### GIVEN INFORMATION
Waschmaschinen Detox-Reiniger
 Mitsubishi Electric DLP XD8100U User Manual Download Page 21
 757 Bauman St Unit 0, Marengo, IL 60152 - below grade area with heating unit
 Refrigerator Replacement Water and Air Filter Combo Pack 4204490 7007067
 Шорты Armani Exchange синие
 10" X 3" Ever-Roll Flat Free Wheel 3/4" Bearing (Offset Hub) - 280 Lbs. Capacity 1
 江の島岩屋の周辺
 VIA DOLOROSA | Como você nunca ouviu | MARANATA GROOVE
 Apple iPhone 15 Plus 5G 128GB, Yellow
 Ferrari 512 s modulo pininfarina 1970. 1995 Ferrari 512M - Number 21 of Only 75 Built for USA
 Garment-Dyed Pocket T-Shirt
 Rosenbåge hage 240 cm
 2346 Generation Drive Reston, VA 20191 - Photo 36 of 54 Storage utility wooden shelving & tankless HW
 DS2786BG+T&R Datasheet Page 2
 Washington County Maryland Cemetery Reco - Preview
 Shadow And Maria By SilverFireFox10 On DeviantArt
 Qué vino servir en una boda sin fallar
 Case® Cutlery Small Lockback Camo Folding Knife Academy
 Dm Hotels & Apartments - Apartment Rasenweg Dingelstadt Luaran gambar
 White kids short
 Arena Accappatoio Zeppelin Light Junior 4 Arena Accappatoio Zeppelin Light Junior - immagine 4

### PROBLEM REQUIREMENTS
What you return should be exactly the lines above, starting at the one with "VIA DOLOROSA |" and ending at the one with "Case® Cutlery Small", and nothing else.

### EXERCISE SOLUTION
 VIA DOLOROSA | Como você nunca ouviu | MARANATA GROOVE
 Apple iPhone 15 Plus 5G 128GB, Yellow
 Ferrari 512 s modulo pininfarina 1970. 1995 Ferrari 512M - Number 21 of Only 75 Built for USA
 Garment-Dyed Pocket T-Shirt
 Rosenbåge hage 240 cm
 2346 Generation Drive Reston, VA 20191 - Photo 36 of 54 Storage utility wooden shelving & tankless HW
 DS2786BG+T&R Datasheet Page 2
 Washington County Maryland Cemetery Reco - Preview
 Shadow And Maria By SilverFireFox10 On DeviantArt
 Qué vino servir en una boda sin fallar
 Case® Cutlery Small Lockback Camo Folding Knife Academy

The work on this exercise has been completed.